Mistake #5: Getting too brave, too fast
Slinging can be scary for a lot of first time baby wearers. Believe it or not, even tiny babies are very good at picking up on these cues from their parents. If your child senses that you are scared or worried, he will wonder why you are scared, assume he is in a scary situation, and will react with a fear response. I have talked to so many parents who have given up on slinging because their babies cried every time they got in the sling. Although I do believe that there are some kids who authentically dislike being worn, I have seen for myself that most of them eventually come to love it once mom or dad has some confidence.
Slinging is something that should be eased into, with lots of practice at home before venturing out into the wild.

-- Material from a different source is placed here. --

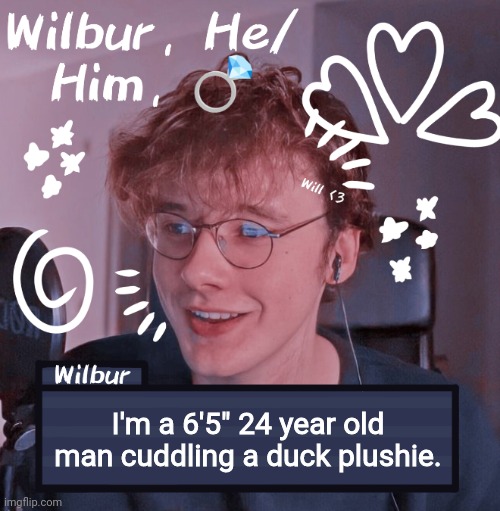 Wilbur | I'm a 6'5" 24 year old man cuddling a duck plushie. | image tagged in wilbur | made w/ Imgflip meme maker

Build up your confidence in the safety of your home -- and preferably with a helper -- before taking a day trip out. Practice getting baby in and out of the sling while standing over the couch or bed. Ask your spouse, partner, or friend to spot you the first few times. Wear your baby for short periods of time at home and take him off BEFORE your muscles start to feel fatigued. This way your body can slowly acclimate to it. Spend lots of time playing with your baby while you wear him. Sing to him, give him his favorite toy or paci. Try breastfeeding him, if you are comfortable. All of these things teach your baby that a sling is a safe and comforting place to be. You will find that over time -- just like my son -- your child will start getting excited when you whip out the sling. My son, now 20 months old, will actually bring a sling to me and grin from ear to ear, letting me know that he wants to come up. This warms my heart every time, because he began as one of those fussy babies who I thought would never like to be worn.
Avoiding these five common mistakes can make baby wearing much more pleasant for you and your baby. It takes a little time to master the art of the sling, but once you nail it, you'll notice an incredible difference. Keep it up, mom and dad! You can do it! Don't give up just because it's challenging. Slinging can be such an amazing experience, so don't let these avoidable mistakes take that experience away from you.